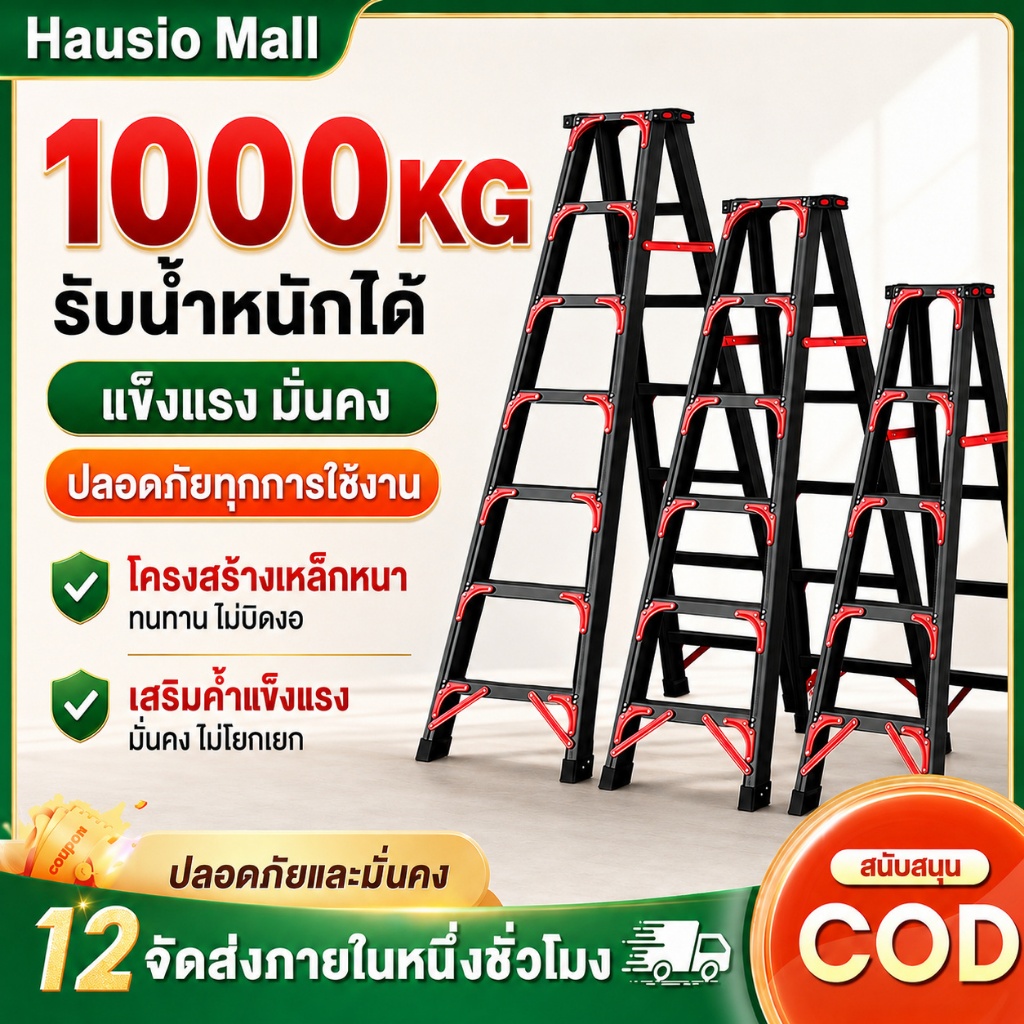 บันไดพับได้ บันไดอลูมิเ รับน้ำหนัก 1000kg 4-7 ชั้น พกพาง่าย ทนทานการสึกกร่อน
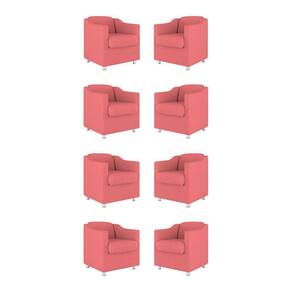 Kit 08 Poltronas Tilla Consultório Recepção Suede Balaqui Decor Cor:rosa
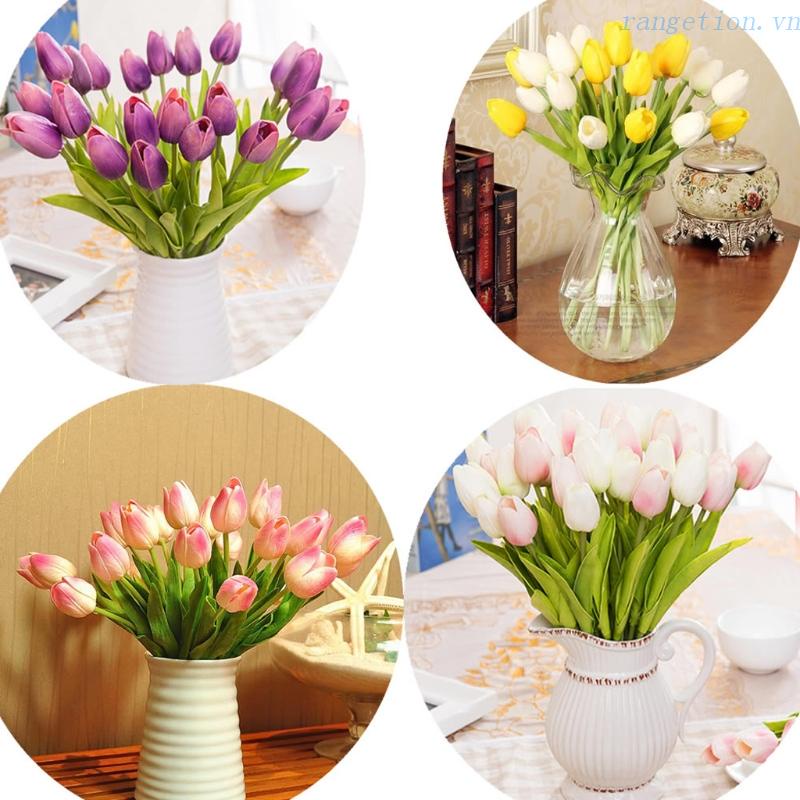 Bó Hoa Tulip Nhân Tạo Bằng Latex Thời Trang 1 / 12 / 24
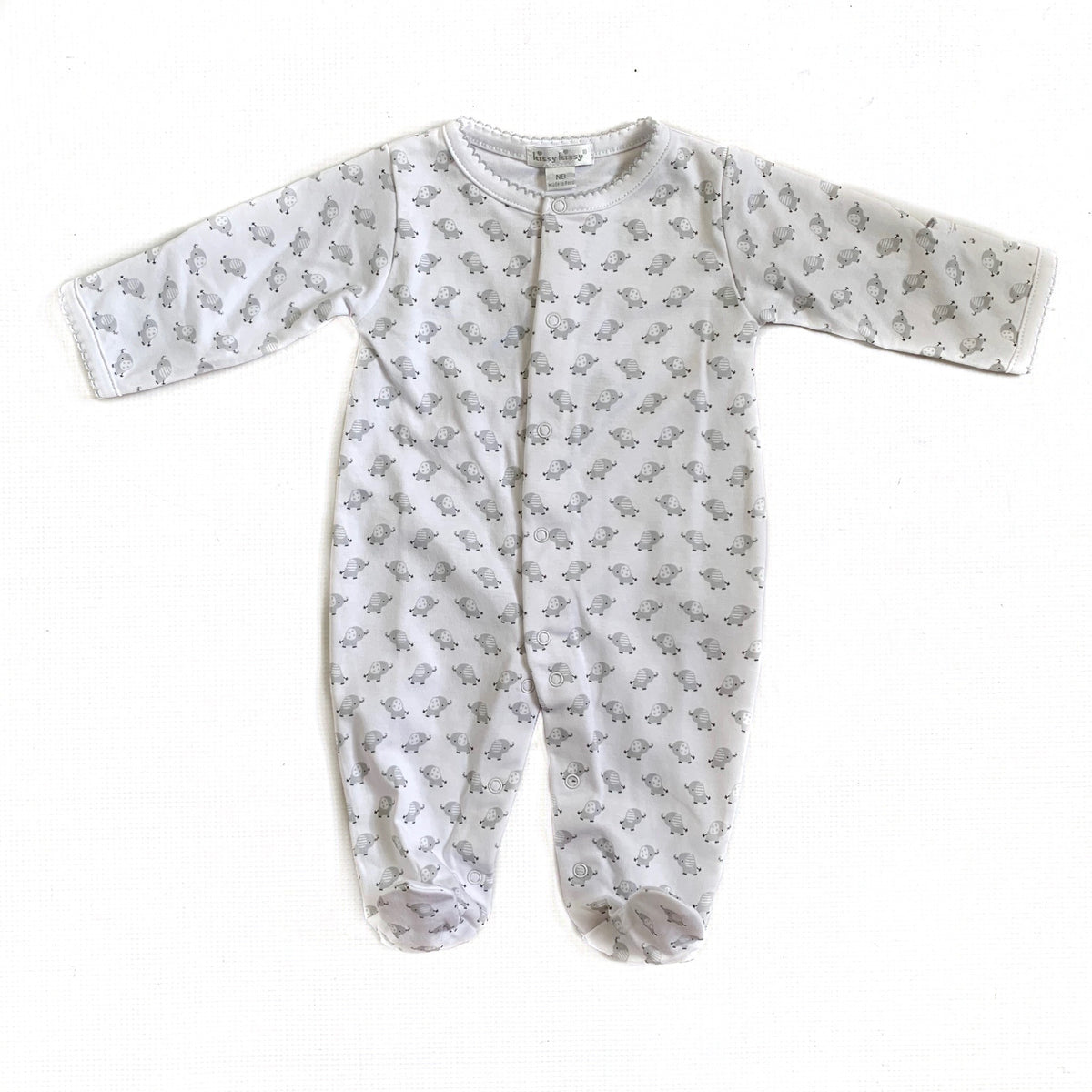 Kissy Kissy Silver Elephant Print Footie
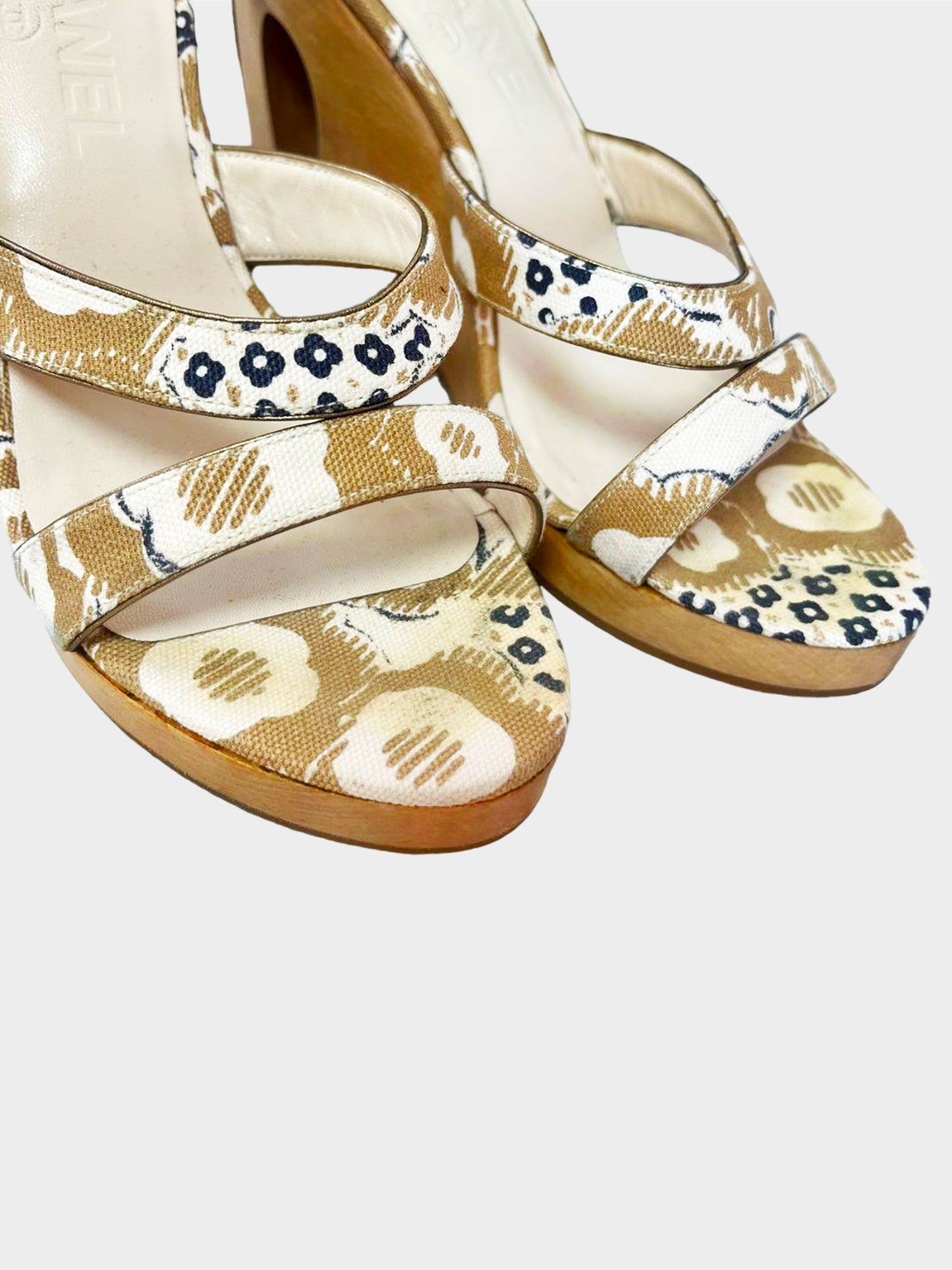 Chanel 2000s Floral Print Canvas Wooden Heels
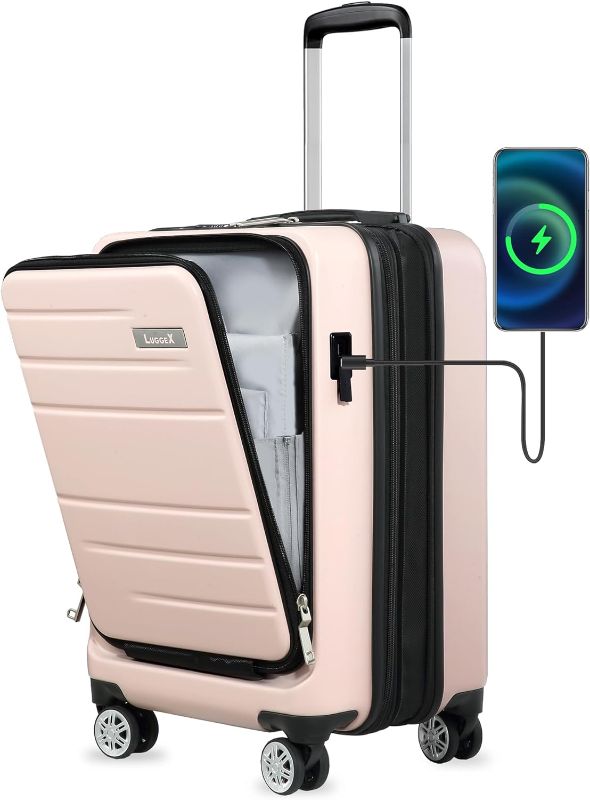 Photo 1 of LUGGEX Carry On Luggage with Front Pocket, Expandable Polycarbonate Hard Shell Suitcase with USB Port (Pink, 20 Inch) Pink 20
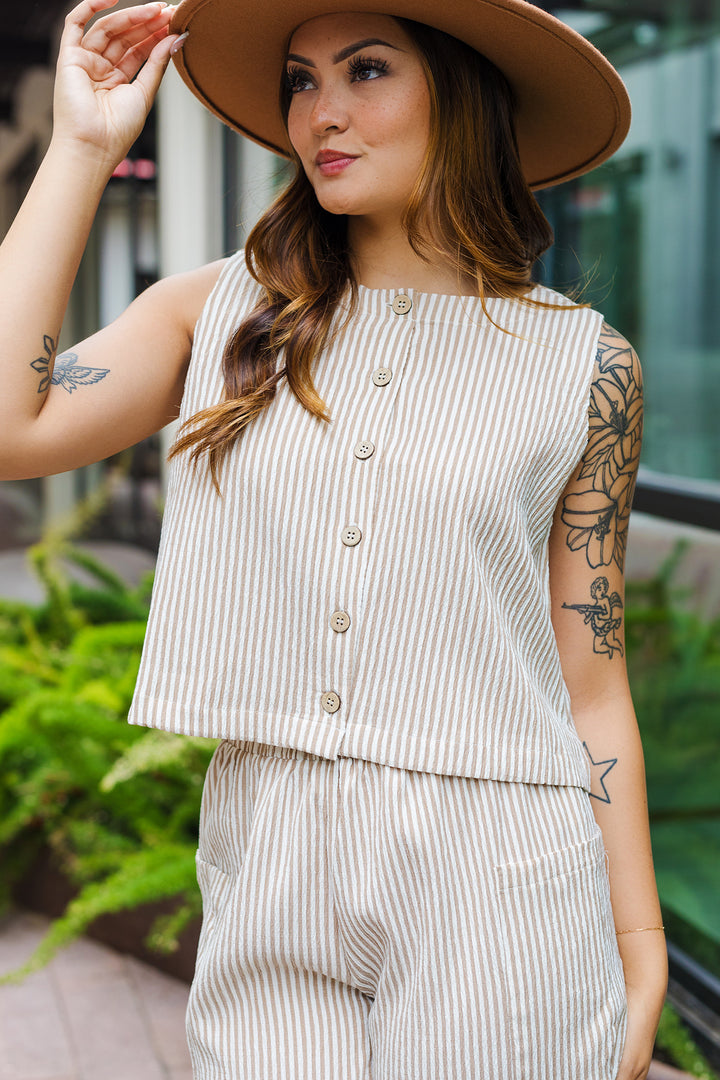 The Malibu Striped Button Top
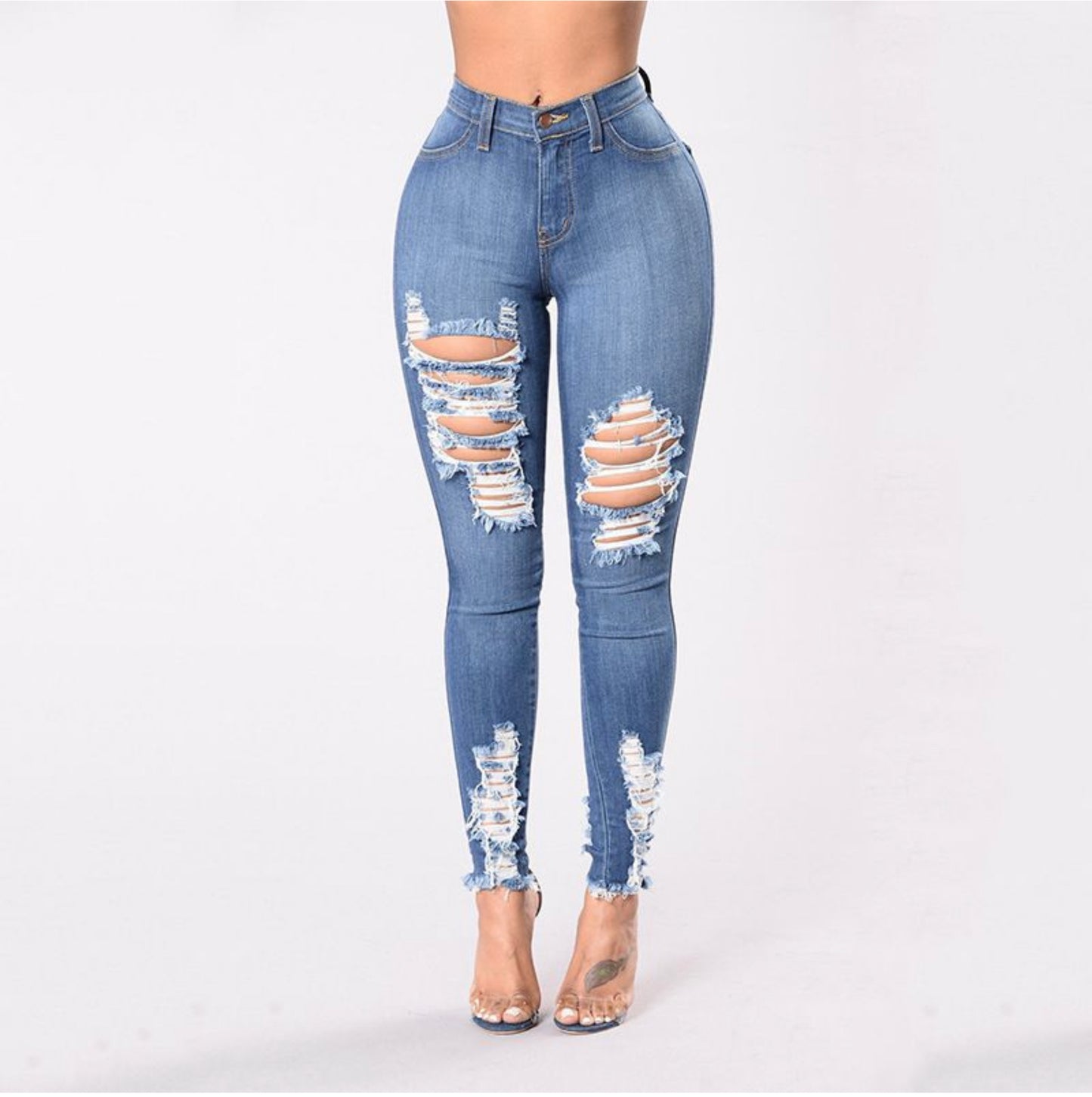 jeans rasgados para dama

### WHAT YOU NEED TO DO
Nothing but the lines from the line containing "Kissy Kissy Silver Elephant Print Footie" through the last line of the listing above should appear, output exactly, with no pictures.

### ANSWER SECTION
 Kissy Kissy Silver Elephant Print Footie
 Chanel 2000s Floral Print Canvas Wooden Heels
 Photo 1 of LUGGEX Carry On Luggage with Front Pocket, Expandable Polycarbonate Hard Shell Suitcase with USB Port (Pink, 20 Inch) Pink 20
 The Malibu Striped Button Top
 jeans rasgados para dama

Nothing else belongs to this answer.